Personal information
- Full name: Milan Maričić
- Date of birth: 12 October 1961 (age 64)
- Place of birth: Vinkovci, SR Croatia, SFR Yugoslavia
- Position: Defender

Senior career*
- Years: Team / Apps / (Gls)
- 1980–1991: Osijek / 215 / (8)
- 1991–1992: Rad Beograd / 16 / (2)
- 1992–1994: Panachaiki / 60 / (2)
- Total:  / 291 / (12)

Managerial career
- Panachaiki (assistant)
- 2002: Patraikos (youth)

= Milan Maričić =

Croatian footballer and manager

Milan Maričić (born 12 October 1961) is a Croatian football manager and former player.

==Club career==
Born in Vinkovci, SR Croatia, back then within Yugoslavia, Maričić played for over a decade with NK Osijek in the Yugoslav First League.

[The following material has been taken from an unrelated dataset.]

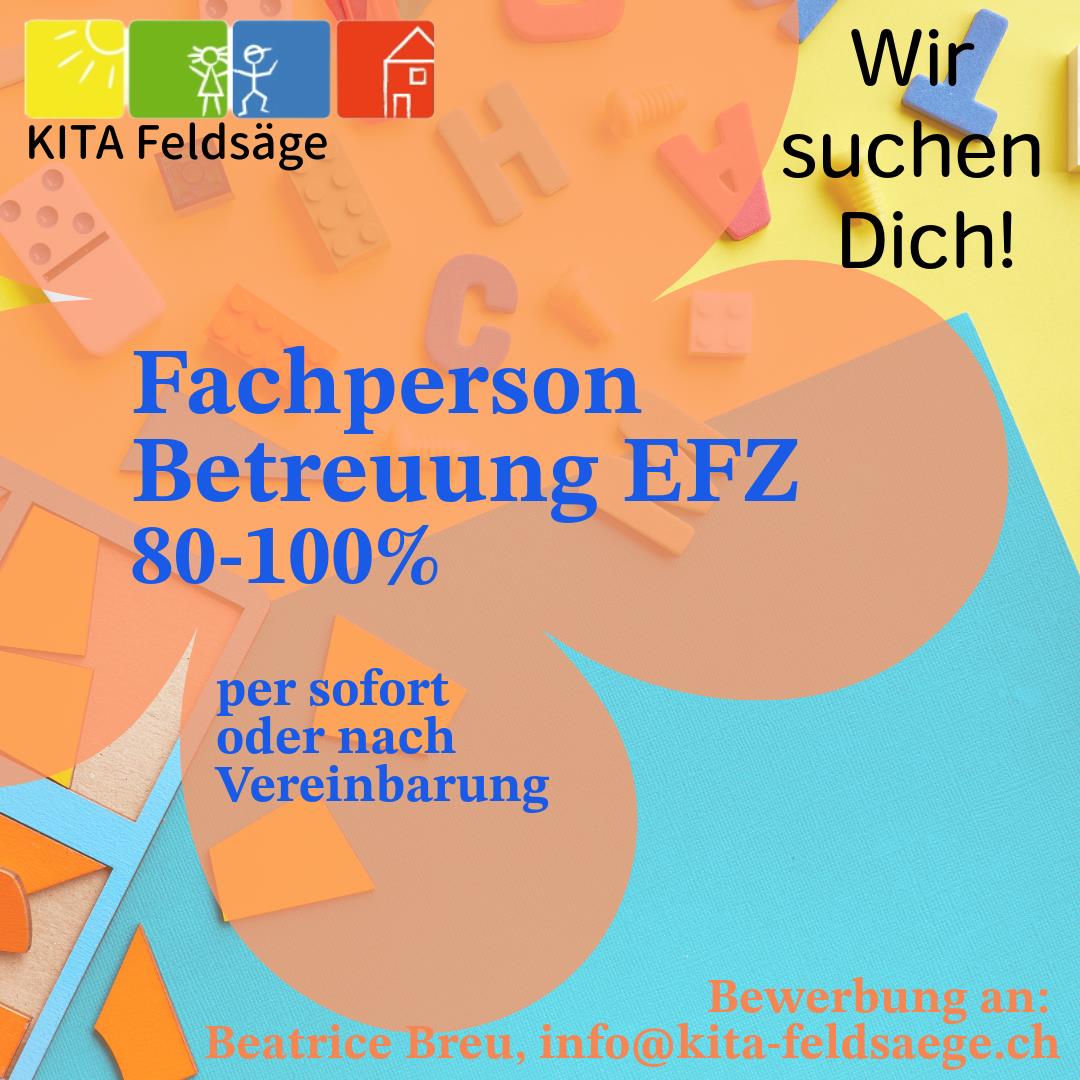 Kitajob als Fachperson Betreuung, 80-100%, Liestal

He Osijek's captain during the last five seasons, and in 1991 he moved to Belgrade and signed with Serbian club FK Rad. He played with Rad in the 1991–92 Yugoslav First League. Then he moved to Greece where he played four years with Panachaiki F.C. in Super League Greece and then retired and became assistant manager in same club. He then by summer 2002 was working as coach of the youth teams of Patraikos.

==Personal life==
His wife, Slobodanka "Boba" Čolović was an athlete and they have lived for ten years on the Greek island of Corfu.